Growing Species Maxima squash in Hawaii has its share of complications, which is why I do not give up. I am looking for solutions. In the islands, Maxima pumpkins are rare, usually only showing themselves in giant pumpkin contests. also, they are usually not grown organically, even though chemicals are of little help when it comes to the two big island foes of the squash family: Pickle worm and Melon Fly. Throw in three other varieties of tropical fruit fly, endless powdery mildew, and seed digging, fruit munching rodents, and cheap low-end hybrid squash arriving on our shores in hundreds of tons, there is a reason or two why the state of Hawaii lost this crop commercially.

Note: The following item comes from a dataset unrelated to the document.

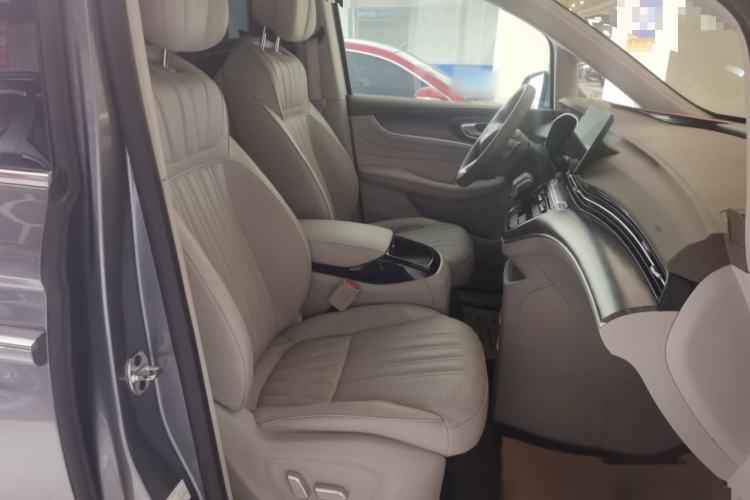 Used Roewe iMAX8 2023 400TGI Comfort Edition Right Front Seat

…but it is tasty…and beautiful, so I continue on with my quest
That is a little background so that you understand why a success with a pumpkin is a success in a much larger sense. Take the Gori Blue Mottled pumpkin of Gori, Republic of Georgia. The seeds have been in my possession after Joe Simcox the Seed Explorer wanted to see if I could grow them out for more seed. I cringed at the thought of struggling with yet another nearly sure to fail Maxima, but I agreed, and I am happy that I did. You see, as it happened, I learned a lot from this pumpkin. It dodged a very critical bullet in that it managed to avoid detection of the oh so sneaky Melon Fly. It did not avoid the gaze and destruction of the Pickle Worm moth. But one out of two isn’t so bad, it is somewhat manageable as long as you know what you are getting yourself into. Both predators come in cycles, related to seasons, heat, moisture…the usual. If you give your plants enough nutrition, these long season growers are sure to have a few fruits that manage to avoid the moth/worm cycle. Pickle worm attacks stem, bloom, pollinated fruit, un pollinated fruit….yes, everything. They were the last straw for our commercial pumpkin industry. The ornamental Maximas are much easier to grow
(think Halloween) the bland, non sweet fruits tempt no one, human nor Melon fly. It does make a great treat for livestock and pets who don’t care that it is tasteless and watery.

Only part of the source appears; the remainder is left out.